[GIVEN INFORMATION]

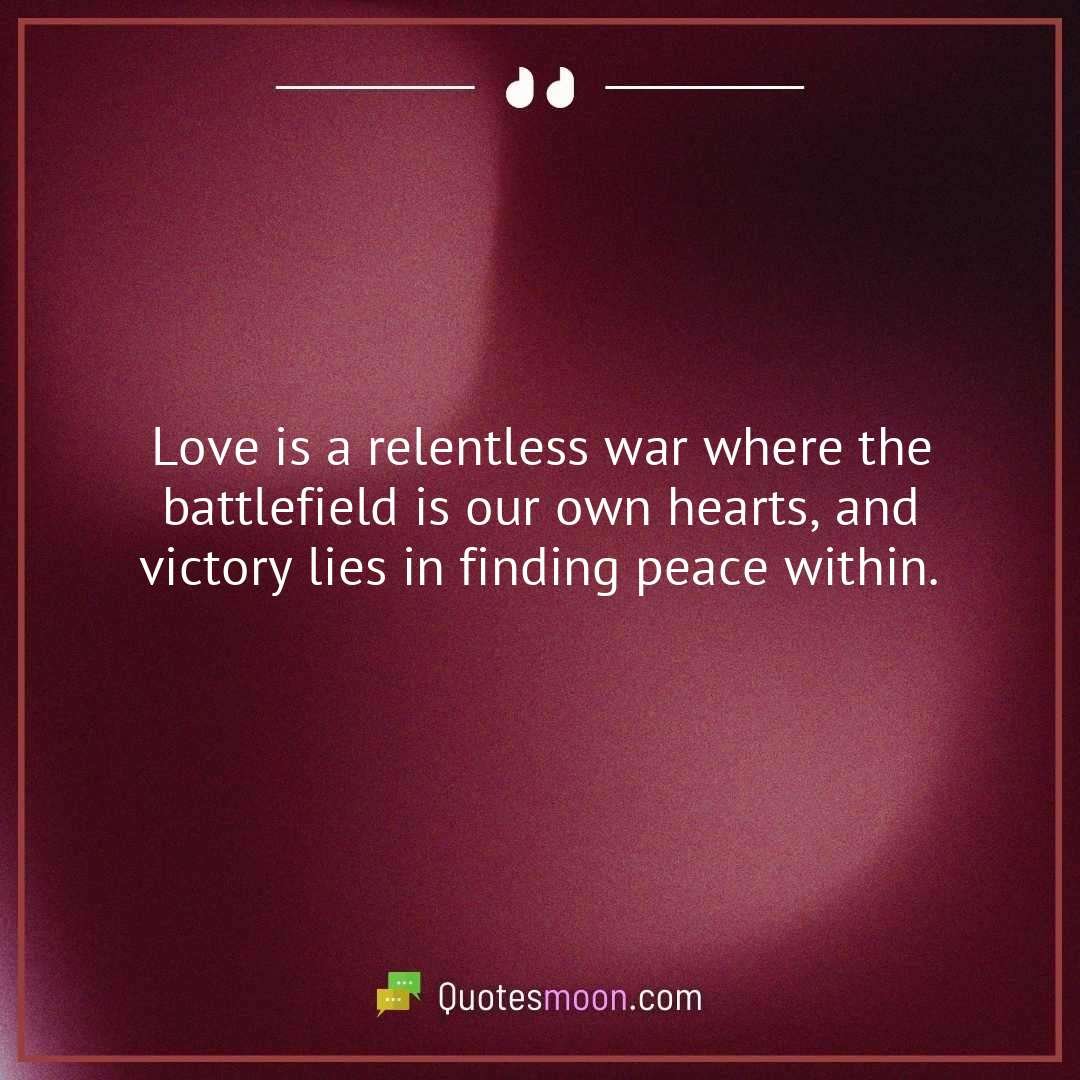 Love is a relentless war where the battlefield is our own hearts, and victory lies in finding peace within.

[/GIVEN INFORMATION]
[GIVEN INFORMATION]

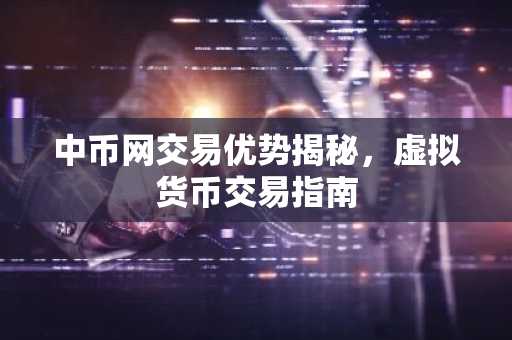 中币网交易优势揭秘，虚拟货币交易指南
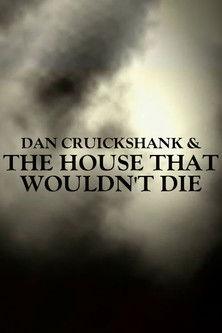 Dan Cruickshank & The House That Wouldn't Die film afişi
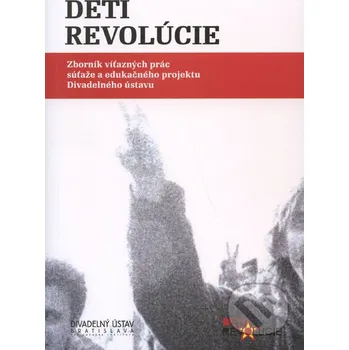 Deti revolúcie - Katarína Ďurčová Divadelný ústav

[/GIVEN INFORMATION]
[GIVEN INFORMATION]

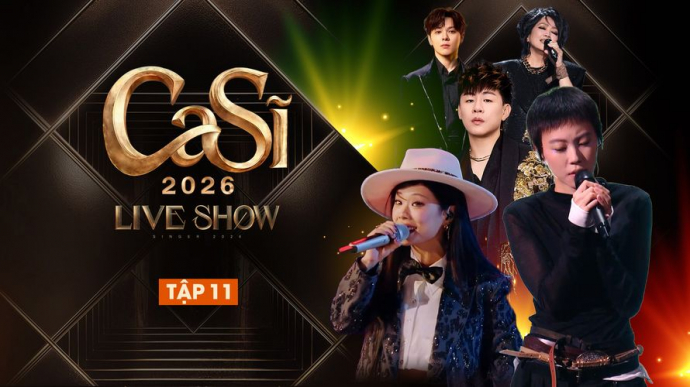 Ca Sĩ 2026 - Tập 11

[/GIVEN INFORMATION]

• **YOUR TASK**:
Set down, exactly as written above, each line from the one with "Dan Cruickshank &" through the one with "Deti revolúcie - Katarína", and skip the pictures.

• **EXERCISE ANSWER**:
 Dan Cruickshank & The House That Wouldn't Die film afişi
 Deti revolúcie - Katarína Ďurčová Divadelný ústav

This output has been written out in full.